La discussion s'est articulée autour de 3 axes :
- le volontarisme éditorial mais la difficile adaptation à la demande des lecteurs
- une offre de lecture numérique encore peu connue en bibliothèque
- quelle coopération possible entre bibliothèques et les éditeurs ?
Le point de vue de l’éditeur
La maison d'édition Le Peuple de Mü édite depuis deux ans des livres numériques qui relèvent de ce que l'on appelle les "littératures de l'imaginaire".
Au départ, le choix de n'éditer qu'au format numérique (pure player), correspond à une réalité économique et culturelle : celle d’investir un secteur innovant, financièrement accessible et dans lequel s'illustrent de nombreux auteurs des littératures de l'imaginaire.
À l'usage, le Peuple de Mü a décidé de revoir son modèle pour proposer des versions imprimées de ses romans.
En deux ans, onze romans sont publiés au Peuple de Mü et diffusés depuis peu par SoBook. Les mots d'ordre du Peuple de Mü restent l'accessibilité et la juste rémunération des auteurs. Les romans imprimés sont vendus à moins de 20€, la version numérique coûte 30% du prix de l'imprimé. L'auteur touche 15% dans le cas de l'imprimé, 20 à 30% dans le cas du numérique. Ces tarifs, décidés par Mü, n'ont pas été remis en cause par le diffuseur.
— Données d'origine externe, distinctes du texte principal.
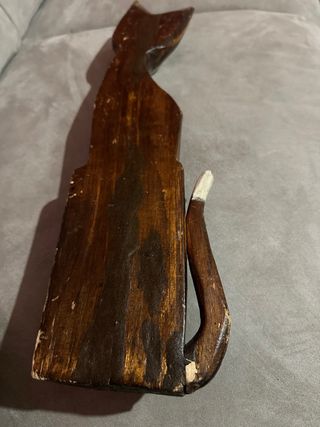 Scultura gatto legno dipinta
De plus, le Peuple de Mü ne pratique pas de DRM 1 afin de permettre la libre circulation du fichier numérique une fois que ce dernier a été acquis par un lecteur.
Pour Davy Athuil, il convient de relativiser la crainte et les conséquences du piratage des ebooks. Le piratage de masse est le fait d'internautes qui n'achètent pas le livre pour son contenu : il ne s’agit pas d’acheteurs potentiels. À l'inverse, les lecteurs qui téléchargent par curiosité finissent par acheter : c'est le cas pour la saga Game of Throne dont les coffrets se sont très bien vendus malgré un important piratage.
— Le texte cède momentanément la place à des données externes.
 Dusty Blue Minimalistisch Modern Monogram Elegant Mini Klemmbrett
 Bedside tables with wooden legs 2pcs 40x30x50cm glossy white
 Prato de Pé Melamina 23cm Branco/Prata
Du côté de la bibliothèque
Le développement de services numériques est un axe fort du projet d'établissement à la bibliothèque de Meyzieu.
Dès 2012, elle propose au prêt 17 liseuses chargées, dont 2 sont dédiées aux littératures de l'imaginaire, et met à disposition sur place des tablettes et des consoles de jeux vidéos. La bibliothèque consacre 15 000€ aux ressources numériques (budget total d'acquisition : 115 000€), elle a par exemple souscrit à Numilog (librairie en ligne). Elle anime régulièrement des ateliers numériques et des rendez-vous culturels autour de ce sujet.
De ce fait, la bibliothèque de Meyzieu est identifiée comme un lieu ressource pour le numérique, à l'échelle de la commune. Elle est sollicitée par des habitants pour répondre à des questions relatives à l’équipement informatique domestique. Pour la profession, la bibliothèque de Meyzieu reste pionnière. Béatrice est régulièrement contactée au sujet de l’offre numérique proposée par la bibliothèque. Cependant, cette initiative relève encore de l'expérimentation. 300 lecteurs sont inscrits sur Numilog, chiffre qui reste faible au regard du coût engendré par ces ressources. Si la question du prêt numérique en bibliothèque pose encore problème d’un point de vue juridique, la direction générale de la consommation et de la répression des fraudes est pour l'instant assez tolérante sur les expérimentations jusqu'à la mise en place d'un modèle.
Une étude a été récemment menée pour dégager des tendances parmi les lecteurs des livres numériques à la bibliothèque de Meyzieu. Une part des lecteurs n'emprunte plus qu'en numérique et échappe donc à la connaissance des bibliothécaires : pour Béatrice, il convient donc de repenser la communication de la bibliothèque en prenant en compte ce paramètre.
Une grande partie de ces lecteurs numériques sont des lectrices : là encore, ce chiffre doit être relativisé compte-tenu du fait que les inscrits à la bibliothèque, et par conséquent des personnes qui ont répondu au sondage, sont aussi majoritairement des femmes.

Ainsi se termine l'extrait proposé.